Thomas Thiele: KI bleibt ein Werkzeug für Unternehmen, das trotz aller Fähigkeiten von Menschen bedient wird. Damit ist MetaGPT nicht als Ersatz für menschliche Teams zu begreifen, sondern als umfangreiche „Toolbox“, die menschliche Arbeit in vielen Bereichen verändern, aber nicht ersetzen wird.
Weitere zentrale Aspekte sind Sicherheit und Bias von KI Systemen (Anmerkung der Redaktion: Der Begriff Bias in der KI bezieht sich darauf, wenn ein KI-System systematisch unfaire, verzerrte oder diskriminierende Ergebnisse liefert. Ursache können die Daten sein, mit denen es trainiert wurde). Anwendungen müssen über geeignete Maßnahmen verfügen, um Diskriminierung, einseitige Entscheidungen und Datenschutz sicherzustellen.
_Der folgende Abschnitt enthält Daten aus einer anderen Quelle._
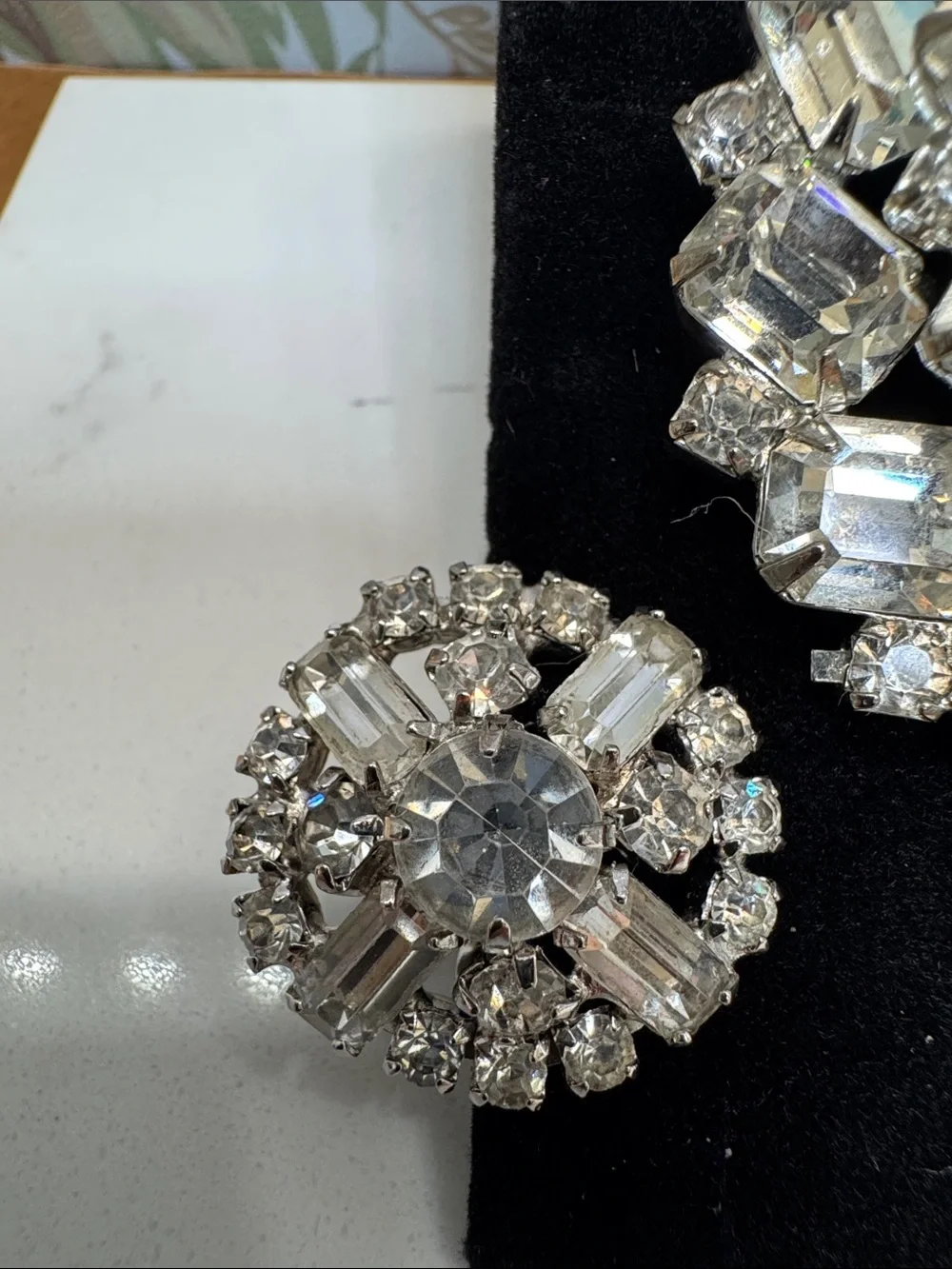 Albert Weiss Clear Crystal Cluster Brooch with Matching Clip Earrings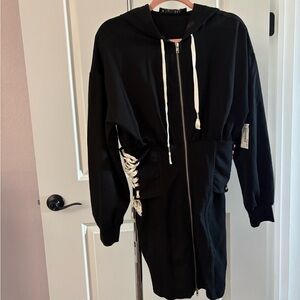 Mystique Boutique Black Utility Jacket with Lace-Up Sides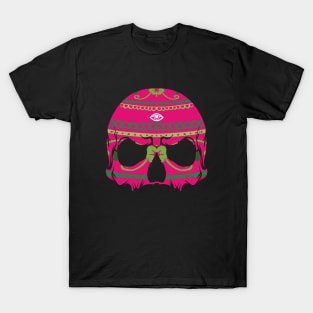 Beautiful Skull T-shirt with marijuana color and one eye T-Shirt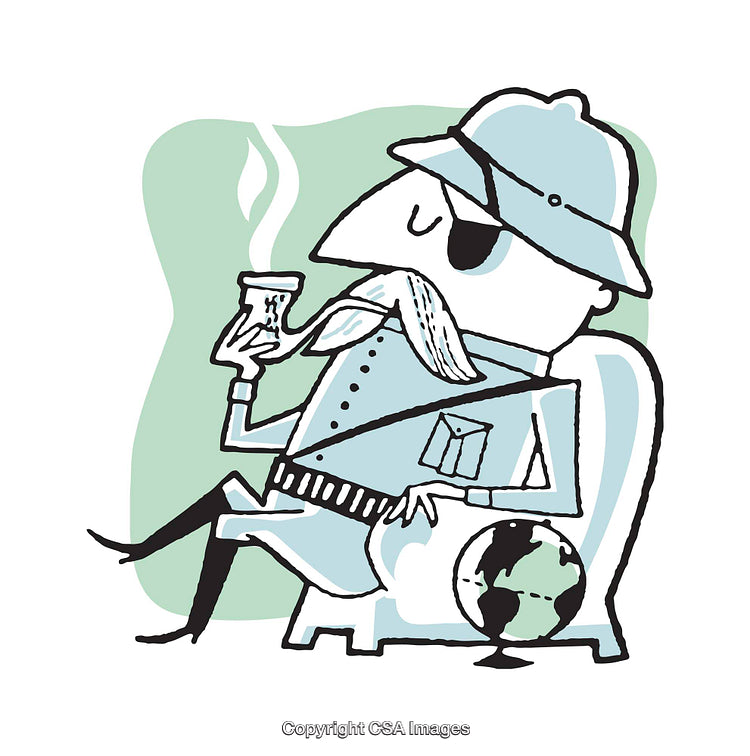 Whimsical Illustration of Explorer Relaxing with Coffee Holding a Globe Nearby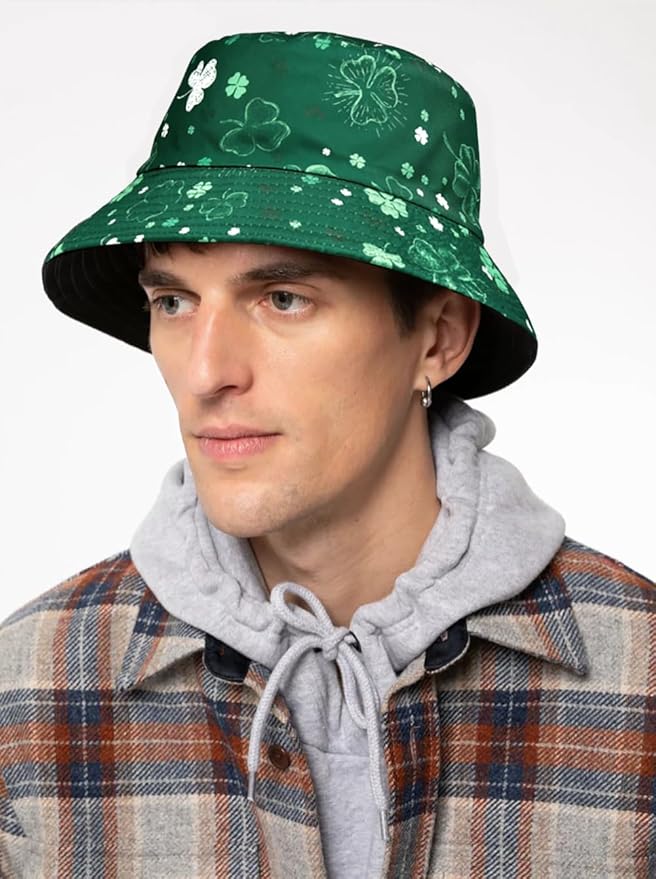 Malaxlx Bucket Hat Beach Sun Hat Fishing Hat for Women Men, Outdoor Travel Reversible Double Side Wear Fisherman Hat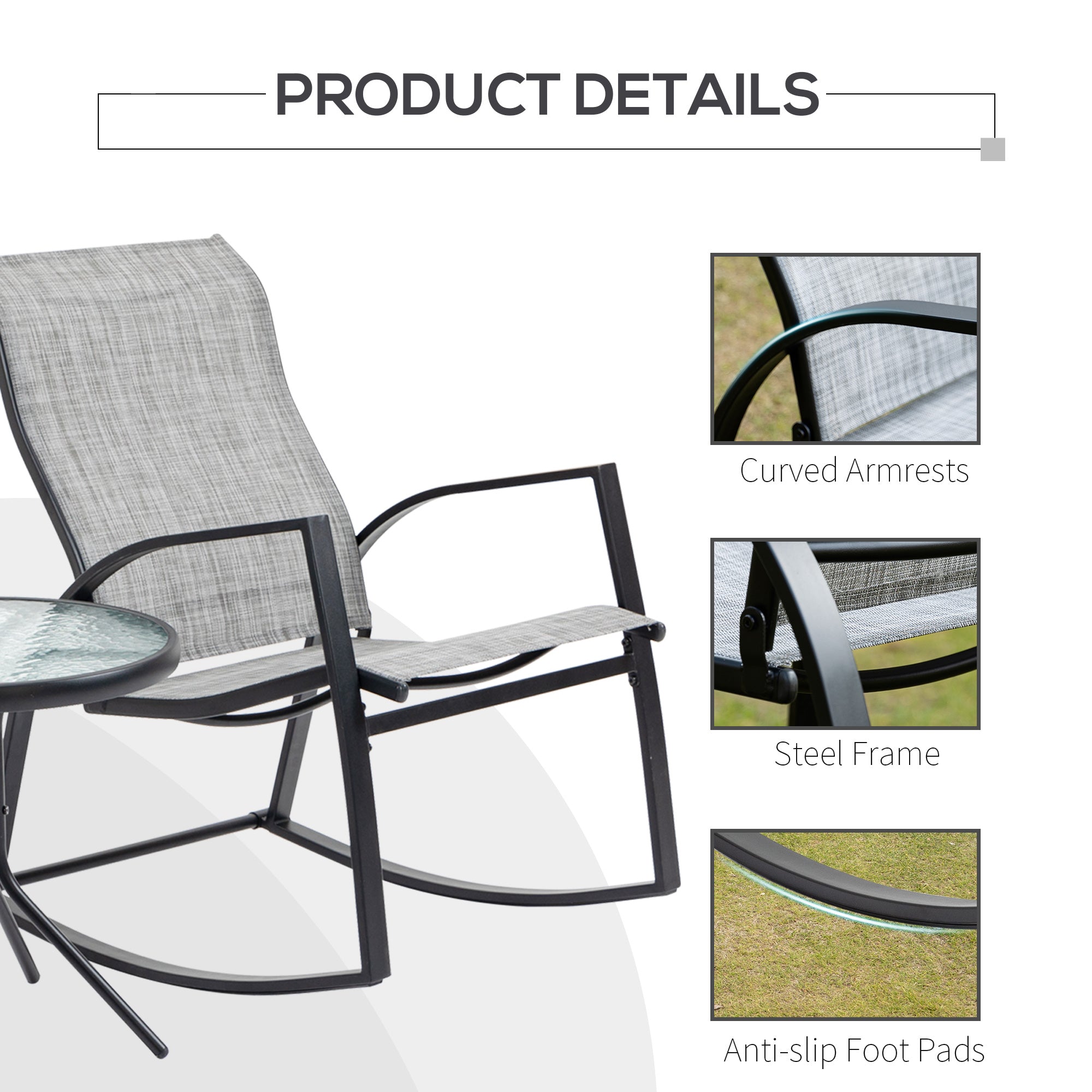 Outsunny Patio Bistro Set: 2 Rocking Chairs & Tempered Glass Table, Ideal for Garden & Poolside, Grey |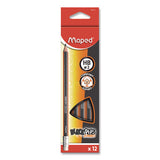 Maped Helix 854721ZT Black'Peps Jumbo Triangular Pencils, HB (#2), Black Lead, Orange/Black Barrel, Dozen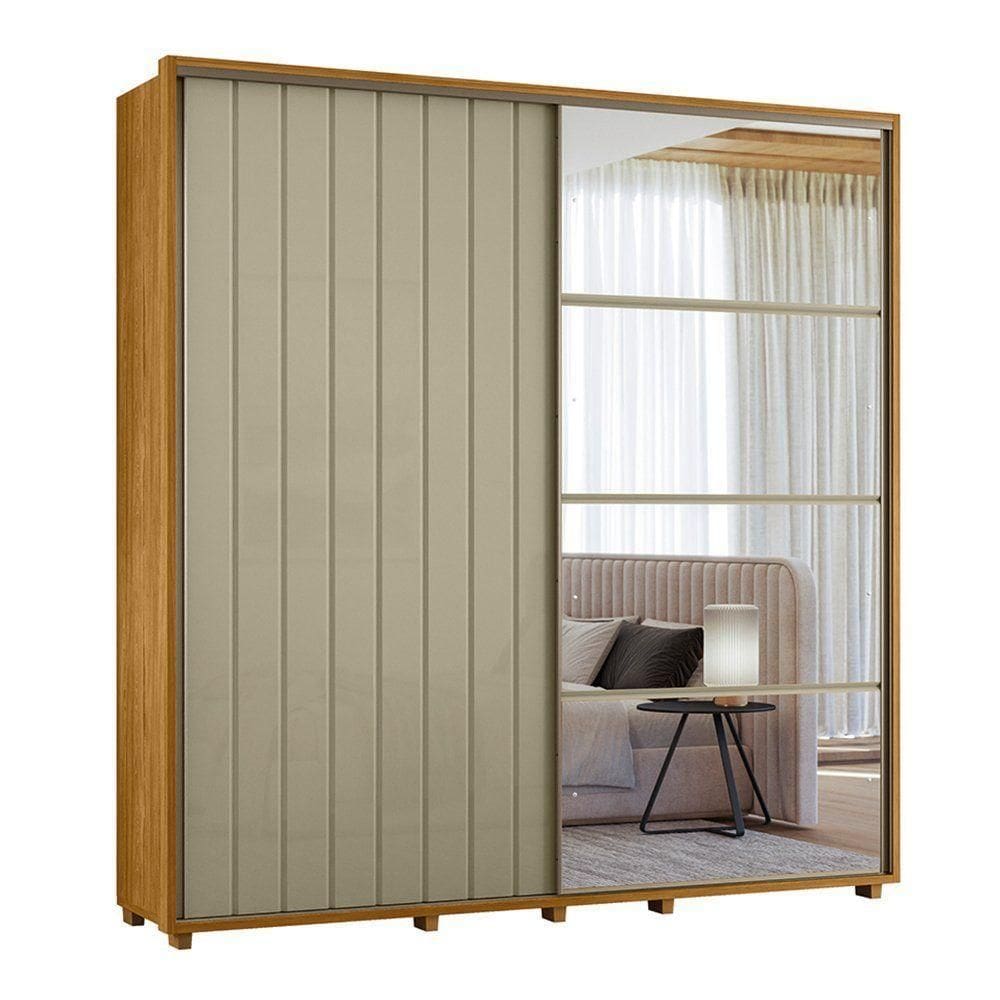 Guarda-roupa Casal Monet Ripado 2 Portas De Correr 4 Gavetas 1 Porta C/ Espelho - 7 Decor Cumaru E Opala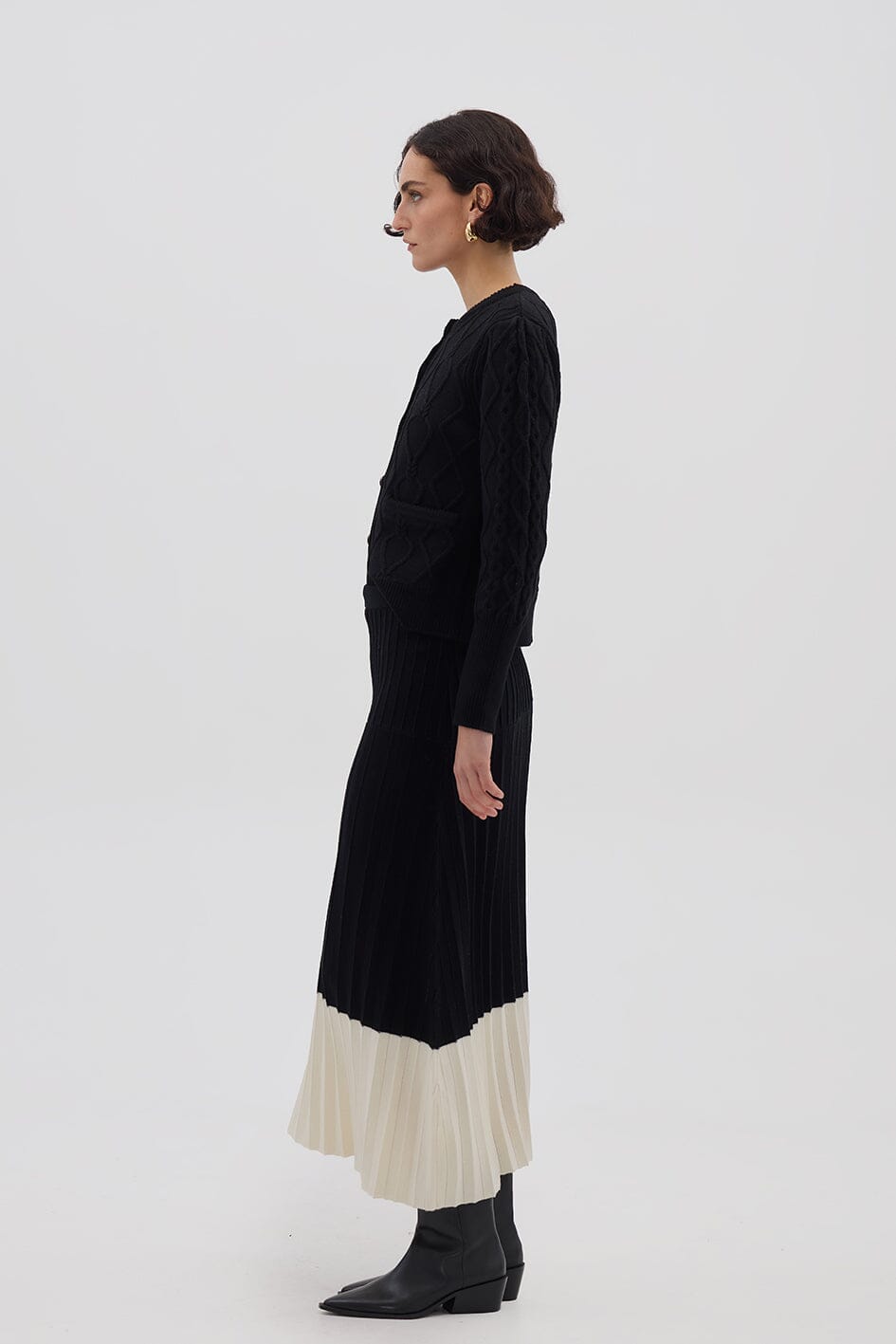 Colour Block Pleat Skirt Skirt Iris and Wool 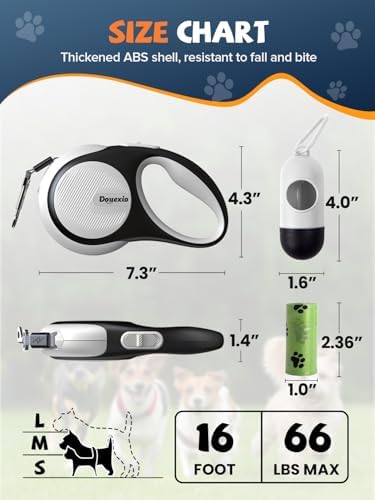 Retractable Dog Leash with LED Flashlight, Douexio Upgrade 3 in 1 Dog Leash - Image 2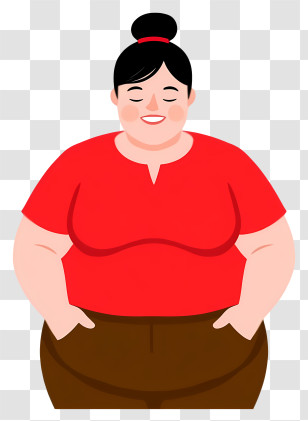 Overweight Woman - Casual Woman In Red Shirt Transparent PNG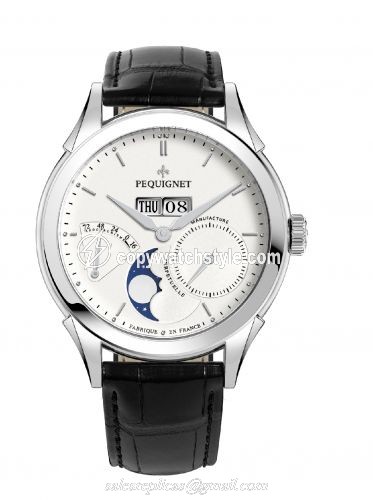Pequignet Rue Royale Moonphase Stainless Steel / Silver / Black Alligator 9010433CN Pequignet Rue Royale Moonphase Stainless Steel / Silver / Black Alligator 9010433CN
Wie sehen Sie das Zusammenspiel zwischen menschlichen Teams und KI-Teams in der Zukunft? Werden wir eher eine Ersetzung oder eine Ergänzung erleben?
Thomas Thiele: Schon jetzt lässt sich beobachten, dass KI aus unserem Alltag kaum wegzudenken ist. Für Unternehmen folgen daraus zwei zentrale Aspekte. Zum einen ist die Integration als Teammitglied eine kulturelle Veränderung. Hierbei stehen weniger technische Herausforderungen im Vordergrund, vielmehr ist der Faktor Mensch zentral. Nur, wenn das neue Teammitglied auch akzeptiert wird, kann es seine Wirkung entfalten. Dies gilt für menschliche, KI- und hybride Teams gleichermaßen.
Unternehmen müssen daher Erfahrungen sammeln, welche Wirkung KI einerseits auf Prozesse und Ergebnisse erzeugt, andererseits die eigene Kultur und Identität bei der Nutzung von KI berücksichtigen. Eine klare Priorisierung kann helfen, die Prozesse zu identifizieren, die besonders von KI profitieren und in denen der Einsatz aufgrund der Mentalität der Mitarbeitenden die größte Wirkung entfaltet.
Herr Thiele, vielen Dank für das Gespräch!